The net activation w_1 \, x_1 + w_2 \, x_2 + b is the equation of a line in the space (x_1, x_2).

w_1 \, x_1 + w_2 \, x_2 + b = 0 \Leftrightarrow x_2 = - \frac{w_1}{w_2} \, x_1 - \frac{b}{w_2}

The net activation represents an hyperplane in 2D.

The net activation is a line in 2D, a plane in 3D, etc. Generally, the net activation describes an hyperplane in the input space with d dimensions (x_1, x_2, \ldots, x_d). An hyperplane has one dimension less than the space.

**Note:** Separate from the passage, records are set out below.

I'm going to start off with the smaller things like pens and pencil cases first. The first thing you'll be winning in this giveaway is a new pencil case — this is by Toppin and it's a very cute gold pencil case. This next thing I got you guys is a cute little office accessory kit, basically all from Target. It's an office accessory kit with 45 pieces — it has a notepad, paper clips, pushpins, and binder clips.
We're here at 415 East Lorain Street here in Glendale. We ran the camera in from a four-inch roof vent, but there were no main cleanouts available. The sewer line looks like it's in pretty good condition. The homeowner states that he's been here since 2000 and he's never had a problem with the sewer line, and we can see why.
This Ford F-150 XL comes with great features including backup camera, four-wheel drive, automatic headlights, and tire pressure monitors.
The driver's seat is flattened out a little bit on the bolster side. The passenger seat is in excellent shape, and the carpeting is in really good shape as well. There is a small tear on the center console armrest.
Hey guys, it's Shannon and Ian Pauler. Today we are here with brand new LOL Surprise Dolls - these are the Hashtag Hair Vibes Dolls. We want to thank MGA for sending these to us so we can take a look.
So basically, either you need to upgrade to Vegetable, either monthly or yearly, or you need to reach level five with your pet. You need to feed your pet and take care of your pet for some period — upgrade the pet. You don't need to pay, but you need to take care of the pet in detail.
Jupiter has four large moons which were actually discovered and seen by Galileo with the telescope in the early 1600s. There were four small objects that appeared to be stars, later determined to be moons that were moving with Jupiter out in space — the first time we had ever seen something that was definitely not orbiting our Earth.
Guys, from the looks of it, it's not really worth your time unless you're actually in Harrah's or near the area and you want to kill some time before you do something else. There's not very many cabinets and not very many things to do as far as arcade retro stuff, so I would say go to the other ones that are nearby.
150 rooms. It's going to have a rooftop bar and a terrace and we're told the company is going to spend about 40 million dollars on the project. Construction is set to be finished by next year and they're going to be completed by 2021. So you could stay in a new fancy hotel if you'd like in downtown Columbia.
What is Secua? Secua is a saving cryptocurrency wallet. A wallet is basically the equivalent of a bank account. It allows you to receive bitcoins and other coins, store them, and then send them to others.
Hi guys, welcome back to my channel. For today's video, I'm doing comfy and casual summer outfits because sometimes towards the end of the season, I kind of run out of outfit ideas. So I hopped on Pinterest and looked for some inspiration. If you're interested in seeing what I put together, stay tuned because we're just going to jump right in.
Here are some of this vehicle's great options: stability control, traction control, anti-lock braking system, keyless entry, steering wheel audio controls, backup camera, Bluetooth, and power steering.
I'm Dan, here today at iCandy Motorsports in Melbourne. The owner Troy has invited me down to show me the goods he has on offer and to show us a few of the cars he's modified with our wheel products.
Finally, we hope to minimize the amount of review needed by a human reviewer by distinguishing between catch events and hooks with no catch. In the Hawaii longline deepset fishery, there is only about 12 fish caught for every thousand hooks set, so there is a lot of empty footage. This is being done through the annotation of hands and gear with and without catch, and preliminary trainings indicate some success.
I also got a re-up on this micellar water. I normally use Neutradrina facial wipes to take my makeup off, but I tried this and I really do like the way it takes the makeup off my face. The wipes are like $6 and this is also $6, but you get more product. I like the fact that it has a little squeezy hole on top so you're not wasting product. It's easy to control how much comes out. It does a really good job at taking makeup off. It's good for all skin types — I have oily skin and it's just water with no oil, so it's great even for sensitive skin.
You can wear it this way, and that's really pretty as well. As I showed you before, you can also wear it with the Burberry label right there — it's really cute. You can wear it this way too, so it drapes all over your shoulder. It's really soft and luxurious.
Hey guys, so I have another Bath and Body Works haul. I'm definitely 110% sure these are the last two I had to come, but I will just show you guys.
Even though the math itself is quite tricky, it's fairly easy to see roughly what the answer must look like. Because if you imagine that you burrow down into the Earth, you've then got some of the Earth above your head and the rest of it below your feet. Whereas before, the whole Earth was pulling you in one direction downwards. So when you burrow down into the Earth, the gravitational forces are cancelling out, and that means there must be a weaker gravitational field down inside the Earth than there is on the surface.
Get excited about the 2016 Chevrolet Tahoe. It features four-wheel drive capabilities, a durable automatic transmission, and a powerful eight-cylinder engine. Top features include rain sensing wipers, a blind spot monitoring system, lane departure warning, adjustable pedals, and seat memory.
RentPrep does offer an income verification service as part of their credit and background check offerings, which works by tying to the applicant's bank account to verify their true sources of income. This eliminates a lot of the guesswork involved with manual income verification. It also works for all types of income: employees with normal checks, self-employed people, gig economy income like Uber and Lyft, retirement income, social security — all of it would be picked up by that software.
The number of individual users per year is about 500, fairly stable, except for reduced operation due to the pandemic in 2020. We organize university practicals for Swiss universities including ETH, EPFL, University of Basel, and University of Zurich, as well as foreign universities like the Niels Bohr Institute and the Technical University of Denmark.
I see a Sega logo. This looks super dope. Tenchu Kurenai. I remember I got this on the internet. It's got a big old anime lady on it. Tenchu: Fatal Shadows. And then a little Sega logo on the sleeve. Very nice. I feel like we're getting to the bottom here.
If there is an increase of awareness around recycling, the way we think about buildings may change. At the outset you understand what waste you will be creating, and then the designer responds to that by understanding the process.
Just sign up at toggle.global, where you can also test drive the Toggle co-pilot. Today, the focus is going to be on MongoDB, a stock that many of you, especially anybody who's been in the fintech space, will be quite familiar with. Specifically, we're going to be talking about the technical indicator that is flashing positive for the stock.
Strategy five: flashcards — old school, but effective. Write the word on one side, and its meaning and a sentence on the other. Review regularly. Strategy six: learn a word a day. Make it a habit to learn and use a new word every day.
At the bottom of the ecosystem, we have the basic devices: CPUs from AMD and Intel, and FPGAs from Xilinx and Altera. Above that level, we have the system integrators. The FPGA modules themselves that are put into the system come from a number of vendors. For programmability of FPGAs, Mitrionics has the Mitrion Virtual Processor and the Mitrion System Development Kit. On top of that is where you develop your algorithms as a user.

Hyperplane in 3D. Source: https://newvitruvian.com/explore/vector-planes/#gal_post_7186_nonzero-vector.gif

We can write the net activation using a weight vector \mathbf{w} and a bias b:

\sum_{i=1}^d w_i \, x_i + b = \langle\mathbf{w} \cdot \mathbf{x} \rangle + b

with:

\mathbf{w} = \begin{bmatrix} w_1 \\ w_2 \\ \ldots \\ w_d \end{bmatrix} \qquad \mathbf{x} = \begin{bmatrix} x_1 \\ x_2 \\ \ldots \\ x_d \end{bmatrix}

\langle \cdot \rangle is the dot product (aka inner product, scalar product) between the input vector \mathbf{x} and the weight vector \mathbf{w}.

The weight vector is orthogonal to the hyperplane (\mathbf{w}, b) and defines its orientation. b is the “signed distance” between the hyperplane and the origin. The hyperplane separates the input space into two parts:

\langle\mathbf{w} \cdot \mathbf{x} \rangle + b > 0 for all points \mathbf{x} above the hyperplane.
\langle\mathbf{w} \cdot \mathbf{x} \rangle + b < 0 for all points \mathbf{x} below the hyperplane.

By looking at the sign of the net activation, we can separate the input space into two classes. This will be the main principle of linear classification.

The sign of the projection of an input \mathbf{x} on the hyperplane tells whether the input is above or below the hyperplane.